LE TENDENZE DEL MERCATO
Tutti a caccia delle serie speciali
intervista con ERMELINDO GIULIANINI



Ermelindo Giulianini oggi è unanimemente considerato uno dei più importanti esperti italiani di cartamoneta. Non solo per l'ampiezza e la qualità  del suo catalogo commerciale, ma anche e forse soprattutto per la competenza acquisita e per la scrupolosa attività  di ricerca che ha svolto in vent'anni di appassionata attività. Non a caso, è con Guido Crapanzano l'autore del più completo catalogo che sia stato finora stampato ("La Cartamoneta italiana"). Nessuno meglio di Giulianini, dunque, può indicarci quali sono le ultime tendenze del mercato delle banconote italiane.
Nel vostro catalogo voi avete svolto un'accurata valutazione di tutta la cartamoneta italiana. Questa però è una stagione tumultuosa, per il mercato, a causa dell'uscita di scena della lira che è ancora troppo recente. Rispetto al quadro che voi avevate davanti, ci sono banconote che hanno fatto segnare nell'ultimo periodo un vistoso salto di valutazione?
«Un catalogo fotografa il mercato, ma il mercato non rimane fermo. E' inevitabile che ci siano banconote che guadagnano valore, in base alla maggiore richiesta dei collezionisti. Le 50 mila "volto di donna" e le 100 mila "Botticelli", per esempio, sono state improvvisamente riscoperte da un mercato che le aveva un po' dimenticate, e questo sta incidendo sulle rispettive quotazioni, in salita. Un esempio concreto? La 50 mila del 12 giugno 1978, chiamata comunemente "tre decreti", ormai viene trattata intorno ai 400 euro.
Un altro esempio di banconota in crescita?
Le 20 mila lire. In questo caso parlerei di salita vertiginosa, perché ho visto offrire un esemplare BB+ a 90 euro, mentre il fior di stampa ha superato i 250 euro. Anche le 5000 e le 1000 lire "Repubbliche Marinare" sono sotto i riflettori. Fino a un paio d'anni fa si trovava un BB a 100 mila lire, oggi ci vogliono 100 euro: il doppio!
Sulle ultime emissioni il vostro catalogo si è tenuto basso, nelle quotazioni. Un euro per le mille lire del primo decreto è parso poco, a molti collezionisti. Mantiene quella valutazione?
Per il momento sì. Di quei biglietti circolano molte mazzette, a fronte di una richiesta ancora sporadica. Più in là, vedremo. Diverso naturalmente il discorso per le 5000 lire "Bellini" lettera A o per le prime quattro lettere delle 10000 lire "Volta", le cui quotazioni sono considerevolmente superiori al valore facciale.
E le serie speciali? C'è stato un boom, nell'ultimo anno.
"E' vero. Alcuni biglietti hanno raggiunto quotazioni intoccabili. Ho sentito chiedere 1100 euro per una 20 mila lire XA in condizioni BB. Chi ha un fior di stampa di questa banconota, poi, fa il prezzo che vuole. Ma anche le "Bellini" XA e le "Volta" XA e XB sono salite alle stelle: qualcuno ha pagato 500 euro per uno di questi biglietti".
Lei come spiega una quotazione così alta, non giustificata da tirature particolarmente basse?
"Ci possono essere movimenti speculativi, certo, ma intanto oggi il mercato è questo.

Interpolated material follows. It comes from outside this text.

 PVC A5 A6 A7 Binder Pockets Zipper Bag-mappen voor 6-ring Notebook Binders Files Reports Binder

Io non lo giudico ancora un prezzo stabile, quindi se dovessi correggere la mia quotazione sul catalogo, per il "Volta" XA o XB o il "Bellini" XA, indicherei una cifra tra 300 e 350 euro.

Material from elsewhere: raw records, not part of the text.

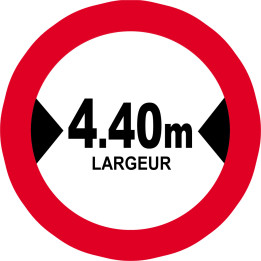 Largeur de passage 4.40m - 15cm - Sticker/autocollant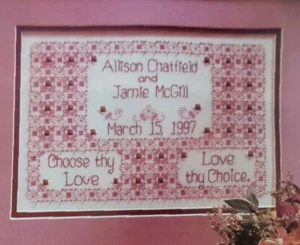 Cross Stitch Pattern MARRIAGE SAMPLER Choose Thy LOVE Love Thy Choice  - Picture 1 of 6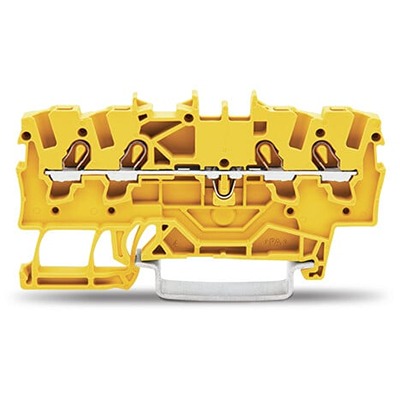 WAGO 2001-1406 TOPJOB S Series Yellow, 1.5mm², 1-Level, Push-In Cage Clamp Termination, ATEX, EAC Ex, IECEx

E le 100 mila "Caravaggio" primo tipo, naturalmente in serie speciale?
"Quello è un biglietto ancora abbordabile, anche se le quotazioni sono in ascesa. Ancora non c'è tensione, ma io credo che la vedremo presto. Attualmente io credo che sia un po' sottovalutato, un po' come capitava fino a ieri al "volto di donna" e al "Botticelli". Aspettate e vedrete".